Mahkemece; davada Asliye Ticaret Mahkemesinin görevli olduğundan bahisle verilen görevsizlik kararı, davacı tarafın temyizi üzerine, Yargıtay (Kapatılan) 13. Hukuk Dairesi'nin 24/01/2017 tarihli ve 2016/30564 Esas 2017/636 Karar sayılı ilamıyla; davacının vermiş olduğu hizmetin mesleki ve ticari amaçlı olduğu, davalının da tüketici olması nedeniyle, uyuşmazlığın Tüketicinin Korunması Hakkındaki Kanun kapsamında kaldığı gerekçesiyle bozulmuştur.

Bozmaya uyularak yapılan yargılama sonucunda mahkemece, davalı tarafça sözleşmede kararlaştırılan bildirim prosedürüne uyulmadan yapılan fesih işleminden dolayı başlatılan icra takibinde davacının haklı olduğu gerekçesiyle, davanın kabulüne karar verilmiş; karar, davalı vekili tarafından temyiz edilmiştir.

1)Dosyadaki yazılara, kararın dayandığı delillerle kanuni gerektirici sebeplere göre, davalının aşağıdaki bendin kapsamı dışında kalan sair temyiz itirazlarının reddi gerekir.

2)İcra ve İflas Kanunu'nun 67/2 maddesi hükmü uyarınca; icra inkar tazminatına hükmedilebilmesi için, borçlunun takip sırasında ödeme emrine itiraz etmesi ve alacaklının alacağını mahkemede dava ederek haklı çıkması yasal koşullardandır. Bunlardan başka, alacağın likit ve belli olması da gerekir. Alacağın gerçek miktarı belli, sabit veya borçlu tarafından belirlenebilmesi için bütün unsurlar bilinmekte ya da bilinmesi gerekmekte, böylece borçlu tarafından borcun tutarının tahkik ve tayini mümkün ise; başka bir ifadeyle borçlu yalnız başına ne kadar borçlu olduğunu tespit edebilir durumda ise alacağın likit ve belli olduğunun kabulü zorunludur.

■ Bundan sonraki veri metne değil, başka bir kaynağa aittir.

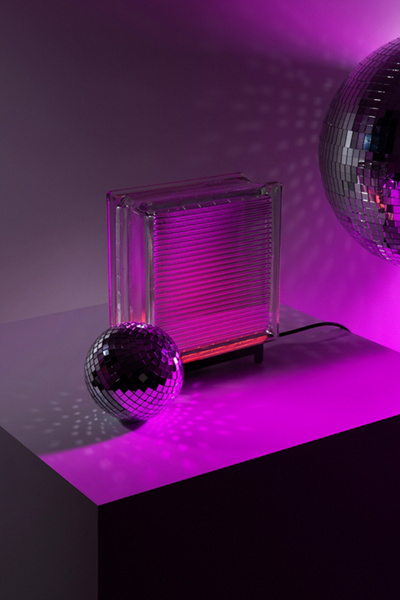 Kismas Glass Block Lamp | Urban Outfitters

Buna göre mahkemece; davacı tarafça tahsili için takip başlatılan cezai şart alacağının takip konusu alacağın varlığının yargılamayı gerektirdiği gözetilerek, koşulları oluşmayan icra inkar tazminatı talebinin reddine karar verilmesi gerekirken, yanılgılı değerlendirme ile yazılı şekilde davacı lehine icra inkar tazminatına hükmedilmiş olması, usul ve kanuna aykırı olup bozmayı gerektirir.

Ne var ki, bu yanlışlığın giderilmesi yeniden yargılama yapılmasını gerektirmediğinden hükmün düzeltilerek onanması HUMK'nın 438/7 maddesi hükmü gereğidir.

SONUÇ: Yukarıda birinci bentte açıklanan nedenlerle davalının sair temyiz itirazlarının reddine, ikinci bentte açıklanan nedenlerle temyiz olunan kararın hüküm fıkrasının (2) numaralı bendinde yer alan "Davalının takip konusu asıl alacak miktarının %20 'si oranında icra inkar tazminatı ödemeye mahkum edilmesine," ifadesinin çıkartılarak yerine "Yasal şartları oluşmadığından davacının icra inkar tazminatı talebinin reddine," ifadesinin yazılmasına, hükmün düzeltilmiş bu şekliyle ONANMASINA, harçtan muaf olmasna rağmen davalı tüketiciden peşin alınan temyiz harçlarının istek halinde iadesine, 6100 sayılı HMK'nın geçici madde 3 atfıyla 1086 sayılı HUMK'nun 440. maddesi gereğince karar düzeltme yolu kapalı olmak üzere, 08/12/2022 tarihinde oybirliği ile karar verildi.